THE DATA:
*** Begin section ***
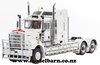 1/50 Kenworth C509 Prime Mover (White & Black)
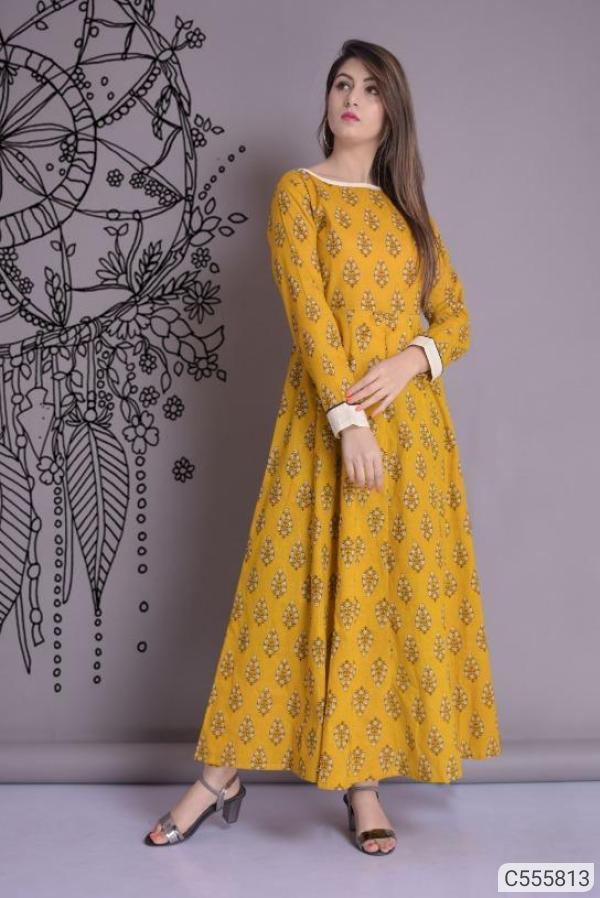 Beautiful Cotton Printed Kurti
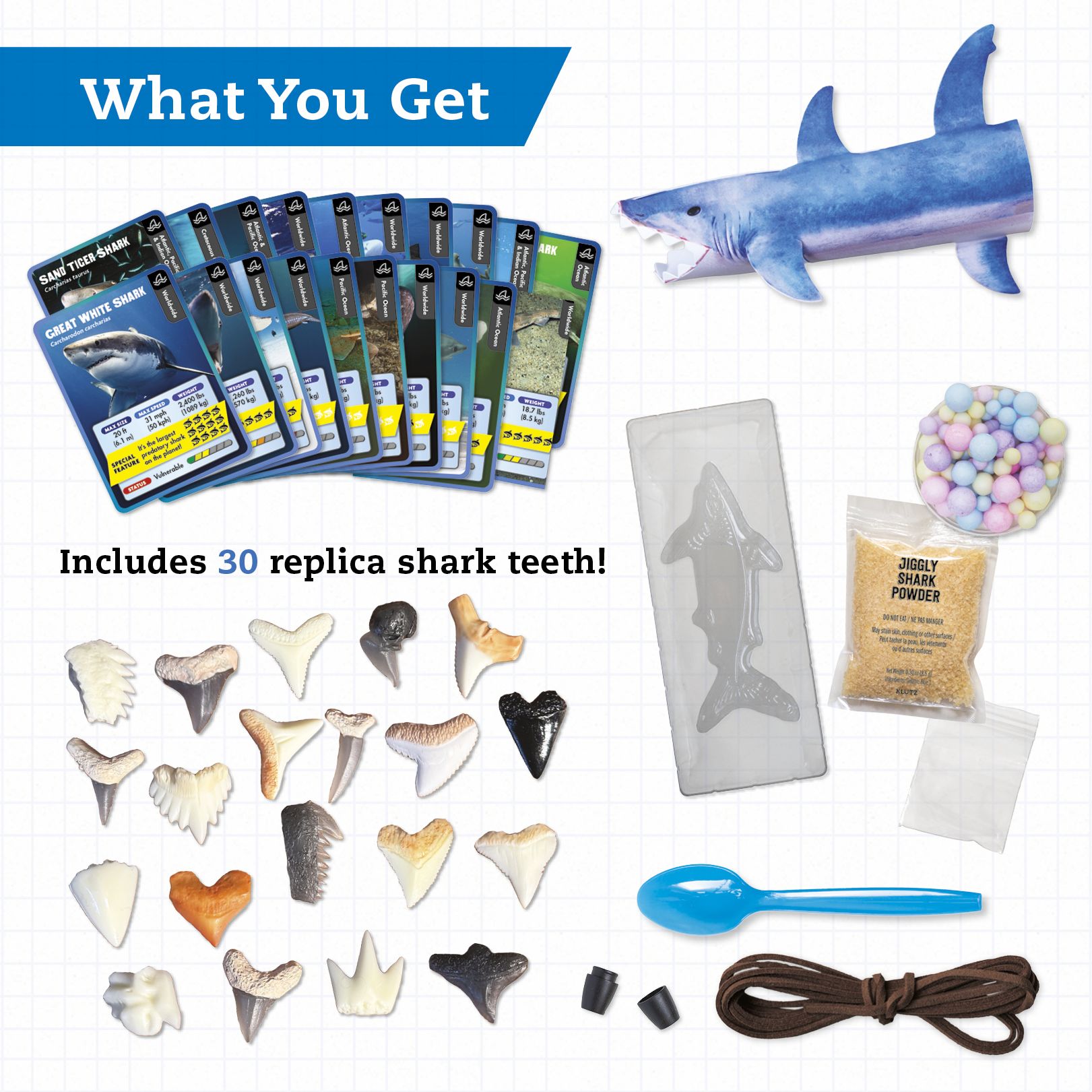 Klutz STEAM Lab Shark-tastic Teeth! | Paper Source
*** End section ***
*** Begin section ***
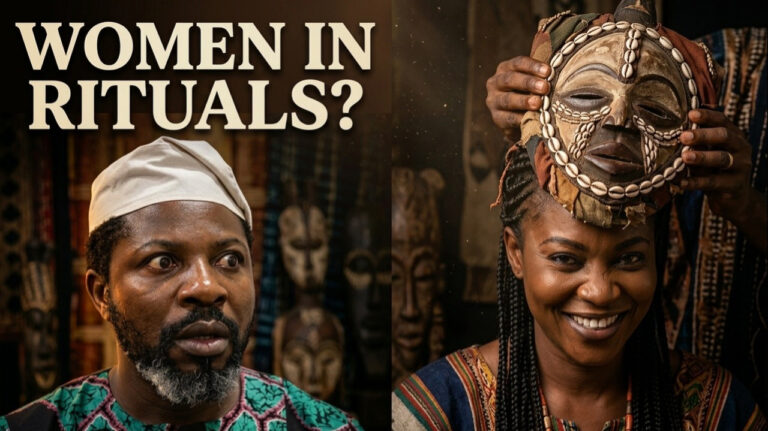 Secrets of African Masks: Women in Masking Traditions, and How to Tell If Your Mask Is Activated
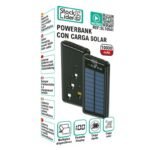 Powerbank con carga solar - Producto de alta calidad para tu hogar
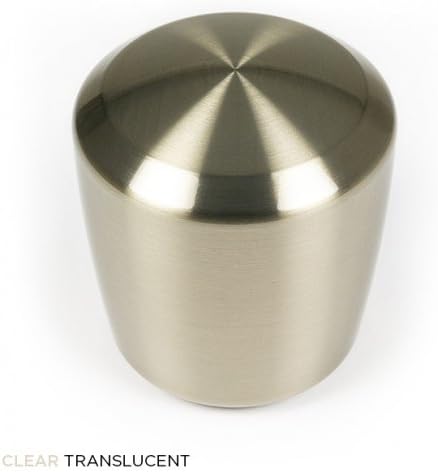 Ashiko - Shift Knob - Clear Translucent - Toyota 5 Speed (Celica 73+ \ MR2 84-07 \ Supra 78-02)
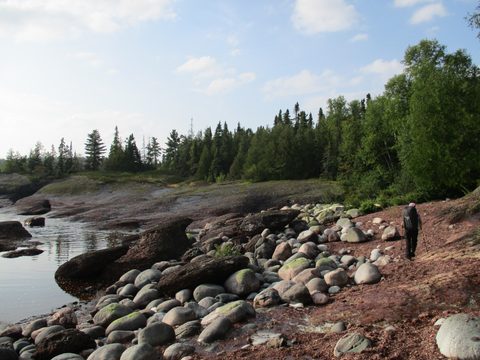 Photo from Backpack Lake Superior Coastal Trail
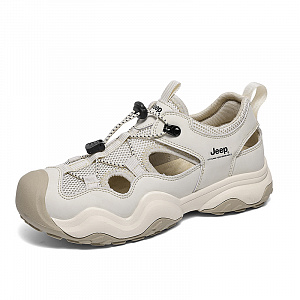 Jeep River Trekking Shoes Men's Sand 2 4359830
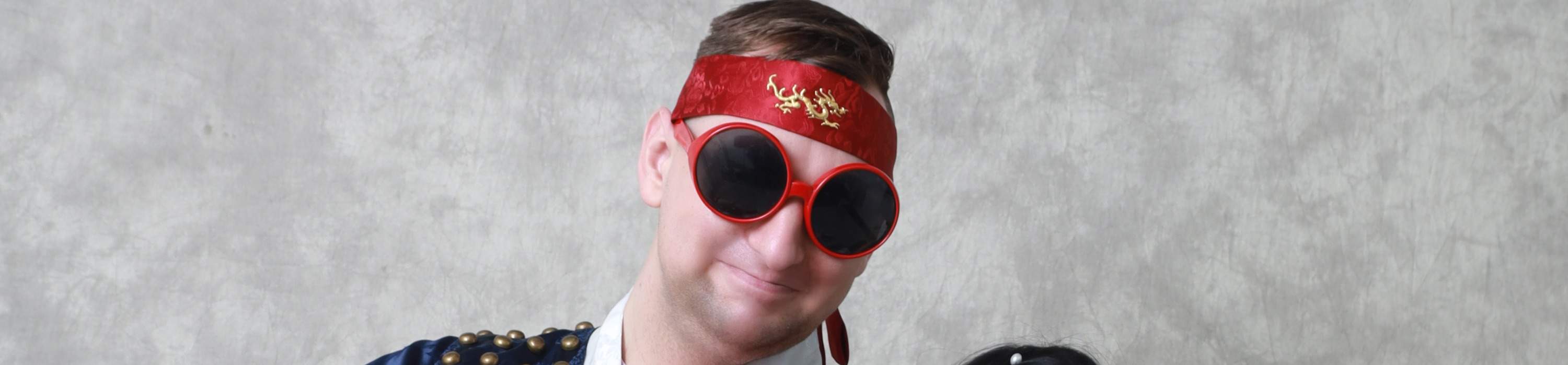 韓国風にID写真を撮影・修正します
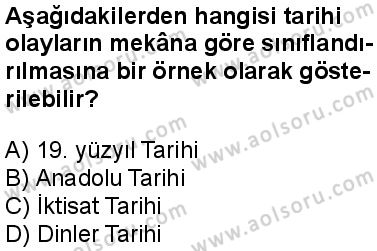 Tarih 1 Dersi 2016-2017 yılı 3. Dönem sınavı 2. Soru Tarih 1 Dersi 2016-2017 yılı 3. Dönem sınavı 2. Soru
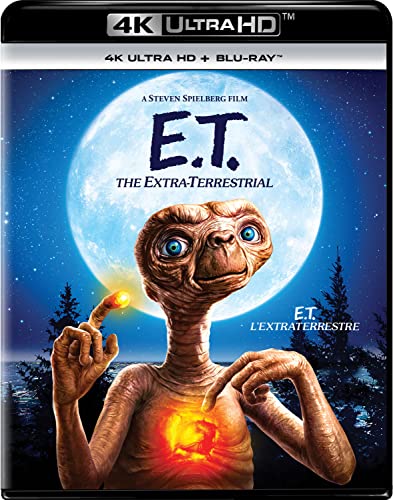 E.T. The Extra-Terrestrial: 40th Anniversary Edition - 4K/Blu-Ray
*** End section ***
*** Begin section ***
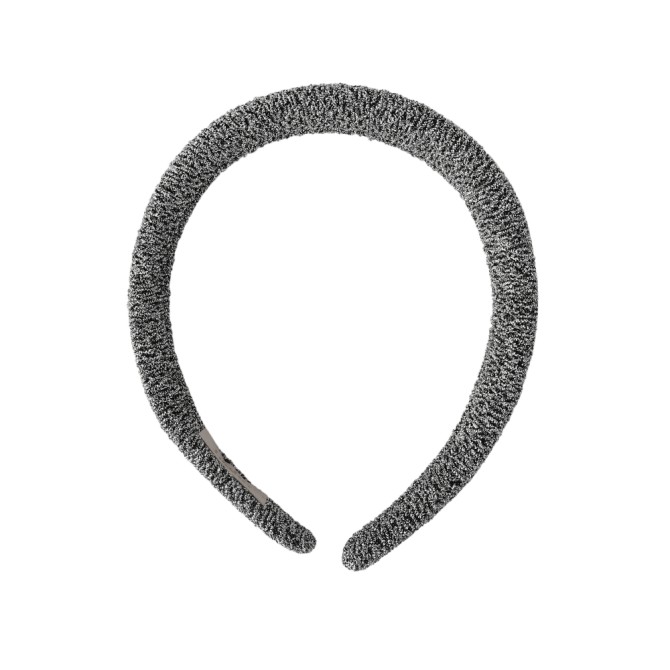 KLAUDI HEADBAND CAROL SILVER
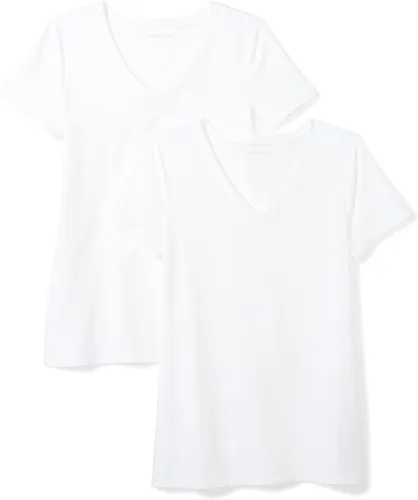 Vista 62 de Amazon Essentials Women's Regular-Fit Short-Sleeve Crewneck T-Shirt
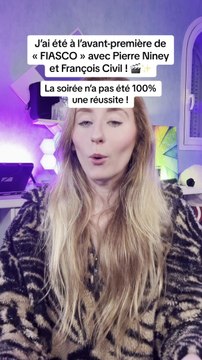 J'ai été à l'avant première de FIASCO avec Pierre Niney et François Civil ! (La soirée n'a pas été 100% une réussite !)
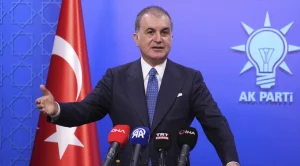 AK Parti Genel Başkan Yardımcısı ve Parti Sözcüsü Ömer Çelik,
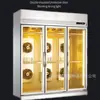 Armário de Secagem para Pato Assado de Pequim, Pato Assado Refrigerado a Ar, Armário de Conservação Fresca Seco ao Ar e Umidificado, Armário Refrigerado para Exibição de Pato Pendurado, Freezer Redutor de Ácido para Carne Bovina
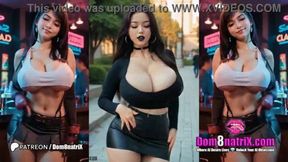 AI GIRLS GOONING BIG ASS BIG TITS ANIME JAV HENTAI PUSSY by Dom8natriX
*** End section ***
What you return from the records above should be exactly everything from the line with "Vista 62 de" down to the line with "AK Parti Genel", both kept, and no pictures.

ANSWER:
 Vista 62 de Amazon Essentials Women's Regular-Fit Short-Sleeve Crewneck T-Shirt
 J'ai été à l'avant première de FIASCO avec Pierre Niney et François Civil ! (La soirée n'a pas été 100% une réussite !)
 AK Parti Genel Başkan Yardımcısı ve Parti Sözcüsü Ömer Çelik,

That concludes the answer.